───── Extracted material ─────

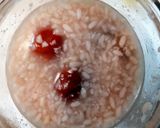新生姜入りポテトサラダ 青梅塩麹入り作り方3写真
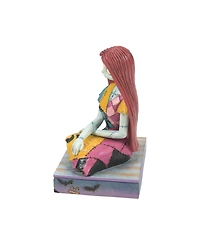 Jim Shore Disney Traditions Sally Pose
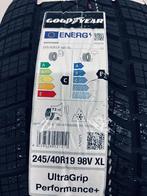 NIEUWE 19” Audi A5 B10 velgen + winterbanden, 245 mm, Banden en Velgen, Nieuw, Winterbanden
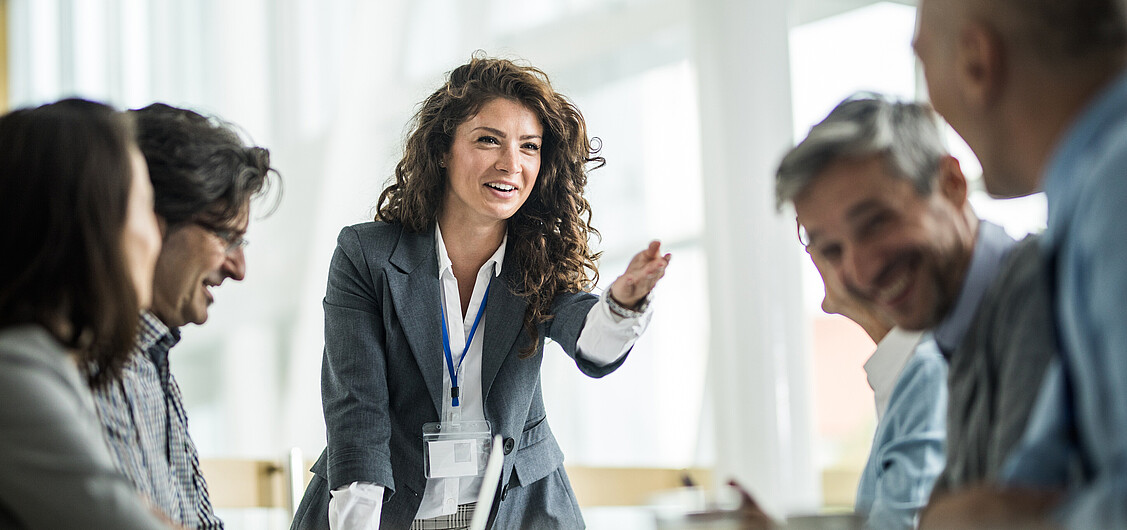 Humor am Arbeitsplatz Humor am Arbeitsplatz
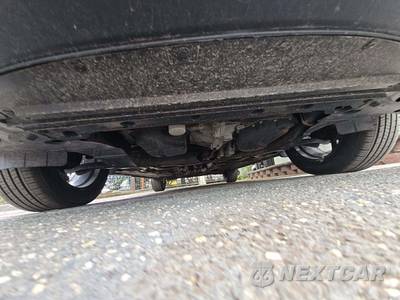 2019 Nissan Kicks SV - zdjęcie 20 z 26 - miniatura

─────
───── Extracted material ─────

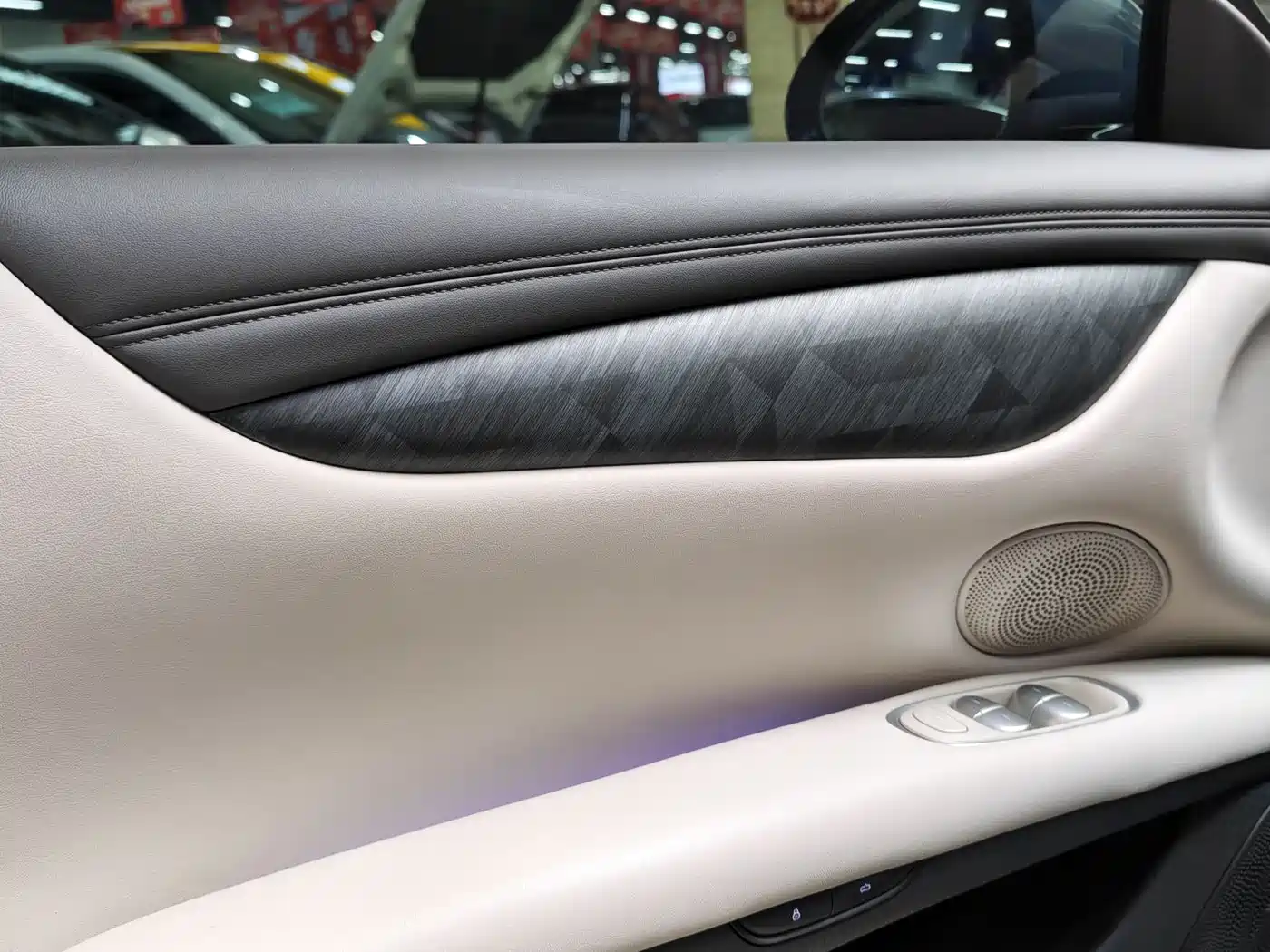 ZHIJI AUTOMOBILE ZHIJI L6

─────

■ **What is needed**: Within the material above, find the part that opens with the line containing "新生姜入りポテトサラダ 青梅塩麹入り作り方3写真" and closes with the line containing "2019 Nissan Kicks", and reproduce it exactly without the pictures.

■ **Output below**:
新生姜入りポテトサラダ 青梅塩麹入り作り方3写真
 Jim Shore Disney Traditions Sally Pose
 NIEUWE 19” Audi A5 B10 velgen + winterbanden, 245 mm, Banden en Velgen, Nieuw, Winterbanden
 Humor am Arbeitsplatz Humor am Arbeitsplatz
 2019 Nissan Kicks SV - zdjęcie 20 z 26 - miniatura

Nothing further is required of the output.